Today my goal is to clean off my desk and get back to my edits. I wonder how I’ll view Second Verse now, after some time away? Will I love it? Hate it? Is it going to resonate with me more now than it did before? Will I find it ridiculous? Will I finally put those parts of me that fill it away? And how will I feel if I no longer have them?

I put myself in every book I write. Sometimes more, sometimes less. Over the past year or so (maybe a little longer) I’ve been digging deeper into myself than ever before.

It hurts.

There are days I am nothing but a big, complicated mess of emotions — well, who isn’t? Thank god I have the time and ability to tap into them to create something, to put those emotions and experiences into something that gets them out so they don’t fester. I am the sum of my experiences but I refuse to let myself be constrained by them. So if you read my work, and something resonantes with you, that’s about the best compliment I can get. If I touch you, make you cry or laugh, or hug your children, then I’ve done what I wanted. (If I turn you on, that works, too. I do write erotic fiction, duh.) But ultimately, the parts I put into my work are only parts. Not the whole. I think the trick is to use enough of myself to trigger emotional reactions while leaving the story open enough for someone else to interpret based on their own experiences.
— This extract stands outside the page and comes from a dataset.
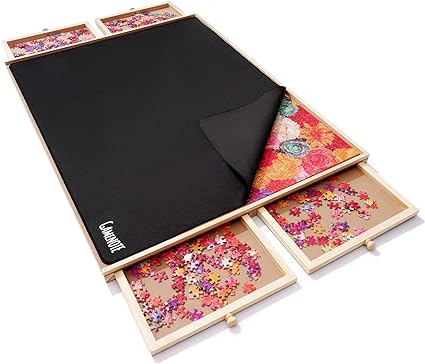 Photo 1 of Puzzle Board with Drawers & Cover Mat - 1500/2000 Pieces Wooden Jigsaw Puzzle Table - 40.5" X 27" Portable Puzzle Board with Cover for Puzzlers - Colorful Puzzle Trays for Sorting - Puzzle Ready
******(Puzzle Piece Slightly Damaged)******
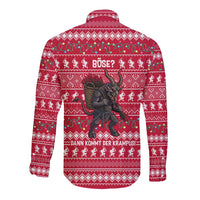 Austria Christmas Long Sleeve Button Shirt with German Text Red Pattern and Festive Lights - Wonder Print Shop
I cover a few themes in my books…I guess I do, anyway. Sometimes it’s not on purpose, at least not at first. I don’t know until the end what I’m trying to say. It just happens. It comes out a certain way and I realize, “oh, it’s a theme.” Control is one of those themes. Struggle with self another. Refusing to let the past negate the future yet another.

Second Verse is about second chances, about the chance to try again what didn’t work the first time. It’s about a girl/woman who falls for a boy so hard it makes her head spin. Is he the best choice for her? Nope. Does she want to fall for him? No way. But when she does, she embraces it whole heartedly — knowing that it’s probably not the right choice, that she “shouldn’t” embark on the affair. But shouldn’t doesn’t matter when the mallet of lust hits you in the back of the head, does it?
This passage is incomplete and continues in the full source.